Farmers end up throwing away about 10% of their apple yield. These are mostly apples that have fallen to the ground and no longer look pretty enough to end up in grocery stores. Other apples are thrown out because they're too small, too big or have sun spots.
According to the U.N., an estimated 1.3 billion tons of produce is thrown in the trash each year, resulting in a loss of about $1 trillion.
But food scientist Ofir Benjamin from Tel-Hai College in northern Israel wanted to give those "bad apples" a second life. Along with his colleague, Professor Raffi Stern from the Migal Research Institute, they brought apples to a laboratory and ground them up into a fine powder.

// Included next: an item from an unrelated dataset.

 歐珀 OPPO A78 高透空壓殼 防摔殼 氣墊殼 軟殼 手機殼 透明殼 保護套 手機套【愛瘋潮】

Afterwards, they analysed the nutritional value: the vitamin C, the dietary fiber, the antioxidant activity and so forth. And to their surprise thy discovered that the powder had the same nutritional value as regular apples.
Not only were they able to save tons of apples from the trash bin, but they ended up discovering something else: The powder they invented could be kept for a long time without spoiling. "If you vacuum-seal it, it can last for more than a year," Benjamin told From The Grapevine.

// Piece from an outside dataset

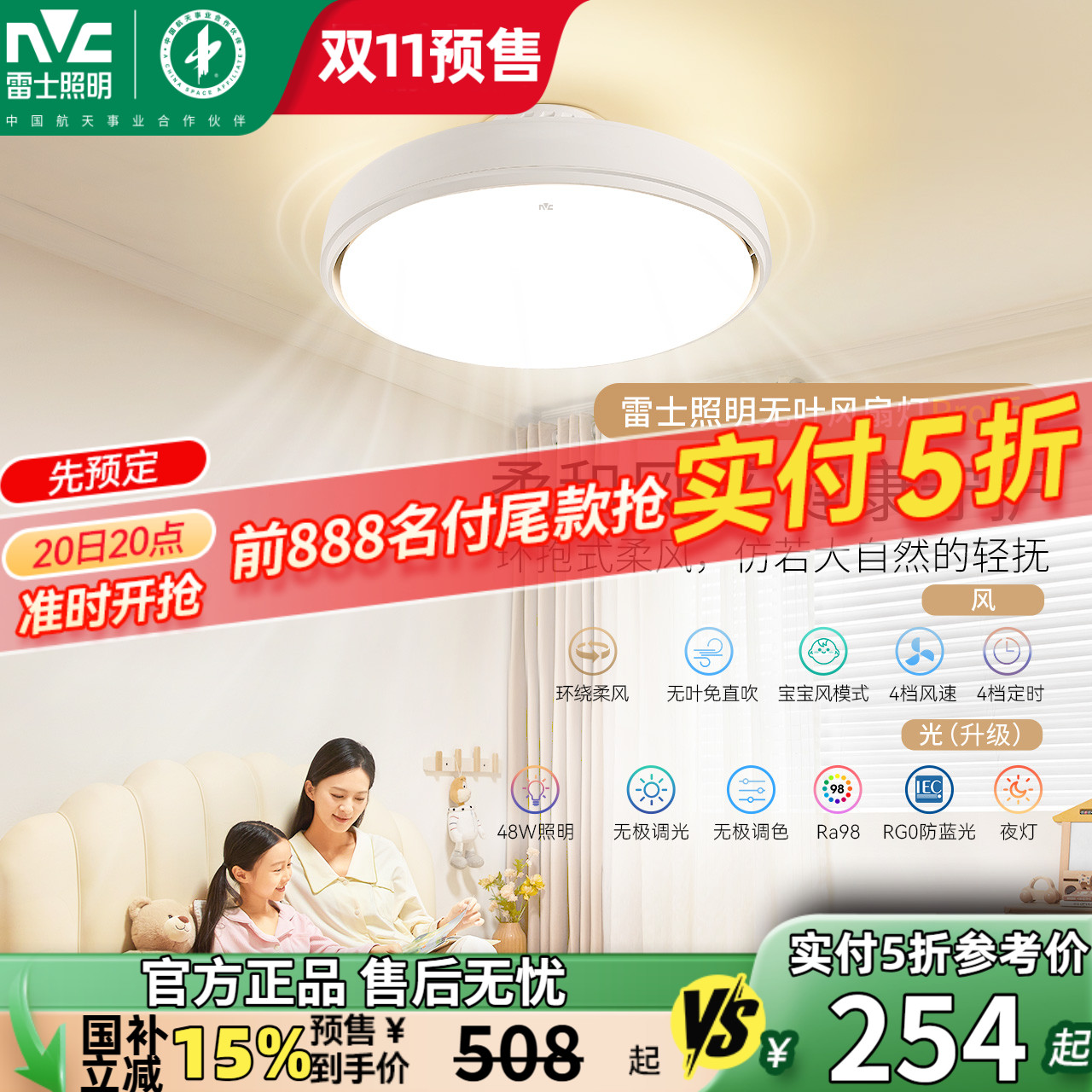 雷士卧室2024年新品无叶风扇灯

It could be used for long trips –perhaps space travel- or in your pantry for the next time you want to bake apple cake and don't have any apples in the house. But the scientists see an even bigger potential for their new product. "We're going to attempt to bring it into the food industry," Benjamin explained. They've been in touch with a couple of major food manufacturers in Israel to help introduce the powder as an alternative ingredient for apple-flavored products that you'd find in the grocery story, like cereal. They've already received calls from food companies in Russia, Poland and Japan that are interested in the powder.